Ron Stallworth (John David Washington) arbeitet im Jahr 1978 als einziger farbiger Polizist in Colorado Springs im US-Bundesstaat Colorado. Als der Ku-Klux-Klan (KKK) dort immer einflussreicher wird, beschließt der Cop, die rassistische Vereinigung trotz des Gegenwindes in den eigenen Reihen zum Ziel einer Undercover-Untersuchung zu machen und diese zu infiltrieren. Es gelingt ihm, eine Mitgliedschaft zu erlangen, ohne dabei in persönlichen Kontakt mit den Klan-Mitgliedern treten zu müssen, und bald steigt er in der Hierarchie so weit auf, dass er sogar für die Stelle vorgeschlagen wird, die lokale Niederlassung in Colorado Springs zu leiten. Auf diese Weise gelingt es ihm, in letzter Minute einen rechtsextremistischen Anschlag zu verhindern.

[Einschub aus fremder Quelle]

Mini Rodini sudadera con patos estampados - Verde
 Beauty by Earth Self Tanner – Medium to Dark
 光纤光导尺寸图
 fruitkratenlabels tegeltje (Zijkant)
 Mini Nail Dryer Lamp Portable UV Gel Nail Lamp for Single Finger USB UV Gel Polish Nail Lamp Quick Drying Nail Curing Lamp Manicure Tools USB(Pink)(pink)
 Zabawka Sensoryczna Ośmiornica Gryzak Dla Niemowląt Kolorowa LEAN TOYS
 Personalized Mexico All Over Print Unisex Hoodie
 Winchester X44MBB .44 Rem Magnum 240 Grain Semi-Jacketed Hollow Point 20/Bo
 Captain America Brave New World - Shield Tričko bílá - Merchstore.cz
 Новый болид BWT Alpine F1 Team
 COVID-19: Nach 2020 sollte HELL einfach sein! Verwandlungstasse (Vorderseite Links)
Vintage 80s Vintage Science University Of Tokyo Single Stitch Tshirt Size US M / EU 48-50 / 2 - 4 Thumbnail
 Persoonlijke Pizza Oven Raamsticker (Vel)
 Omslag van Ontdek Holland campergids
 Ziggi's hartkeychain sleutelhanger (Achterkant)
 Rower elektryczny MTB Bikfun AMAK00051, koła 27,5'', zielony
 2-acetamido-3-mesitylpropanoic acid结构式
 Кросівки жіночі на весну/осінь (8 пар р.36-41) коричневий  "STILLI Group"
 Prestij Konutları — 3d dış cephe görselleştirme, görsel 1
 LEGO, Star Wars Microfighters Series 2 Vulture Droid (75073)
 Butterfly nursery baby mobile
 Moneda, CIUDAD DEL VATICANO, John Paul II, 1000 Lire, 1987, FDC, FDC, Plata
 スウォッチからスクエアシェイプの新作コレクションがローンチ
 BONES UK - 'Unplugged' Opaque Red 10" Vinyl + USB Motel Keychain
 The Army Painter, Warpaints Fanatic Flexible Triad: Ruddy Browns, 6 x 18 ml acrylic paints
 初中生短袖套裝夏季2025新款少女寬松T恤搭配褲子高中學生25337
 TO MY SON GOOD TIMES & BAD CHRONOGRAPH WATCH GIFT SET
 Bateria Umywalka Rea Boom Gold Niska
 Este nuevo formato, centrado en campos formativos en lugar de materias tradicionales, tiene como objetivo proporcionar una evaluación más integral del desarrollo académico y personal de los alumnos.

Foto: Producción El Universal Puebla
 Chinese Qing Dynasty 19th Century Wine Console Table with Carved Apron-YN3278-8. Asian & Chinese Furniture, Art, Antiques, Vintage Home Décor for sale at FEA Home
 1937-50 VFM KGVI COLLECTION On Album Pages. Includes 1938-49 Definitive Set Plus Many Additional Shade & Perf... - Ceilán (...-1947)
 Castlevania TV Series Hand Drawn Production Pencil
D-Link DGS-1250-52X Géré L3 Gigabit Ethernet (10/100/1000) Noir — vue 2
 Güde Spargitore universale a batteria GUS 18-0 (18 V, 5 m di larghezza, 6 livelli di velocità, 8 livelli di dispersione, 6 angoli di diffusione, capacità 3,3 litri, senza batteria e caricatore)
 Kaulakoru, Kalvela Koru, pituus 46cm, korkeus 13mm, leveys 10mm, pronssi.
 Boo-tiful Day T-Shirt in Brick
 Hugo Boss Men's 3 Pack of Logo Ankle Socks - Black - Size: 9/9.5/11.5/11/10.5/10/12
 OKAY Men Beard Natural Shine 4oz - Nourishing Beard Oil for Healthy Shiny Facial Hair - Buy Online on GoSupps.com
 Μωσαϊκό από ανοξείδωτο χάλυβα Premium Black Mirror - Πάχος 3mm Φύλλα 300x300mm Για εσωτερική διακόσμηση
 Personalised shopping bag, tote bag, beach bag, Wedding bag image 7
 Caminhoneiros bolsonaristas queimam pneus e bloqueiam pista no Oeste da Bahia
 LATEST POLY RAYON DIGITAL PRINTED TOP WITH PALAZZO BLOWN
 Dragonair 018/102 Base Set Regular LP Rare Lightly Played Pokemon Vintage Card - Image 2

Der Film BLACKKKLANSMAN folgt nicht nur einer Logik im Werk von Spike Lee in seiner konsequenten Beschäftigung mit der Black Power-Bewegung, sondern kommt zweifellos zur richtigen Zeit angesichts der weltweit erstarkten rechten und rassistischen Tendenzen. Der Film ist über weite Teile ein latenter Kommentar zur negativen Auswirkung der Politik von Donald Trump und nimmt am Ende mit dokumentarischen Mitteln explizit Stellung zu gegenwärtigen Strömungen in den USA. Er vermittelt auch noch einmal, dass David Duke das Credo ‚America First!‘ als Klan-Phrase etablierte, bevor der gegenwärtige Präsident sie skandierte.
Der Film ist zweifellos politisch agitativ, er bietet jedoch zahlreiche Differenzierungen in der Figurenzeichnung und der Montage, um das Publikum nicht zu ‚entmündigen‘. Dass er einige Veränderungen gegenüber der historischen Vorlage vornimmt, ist für die filmische Verdichtung legitim (so war Stallworth selbst nicht mit einer Black Power-Aktivistin liiert).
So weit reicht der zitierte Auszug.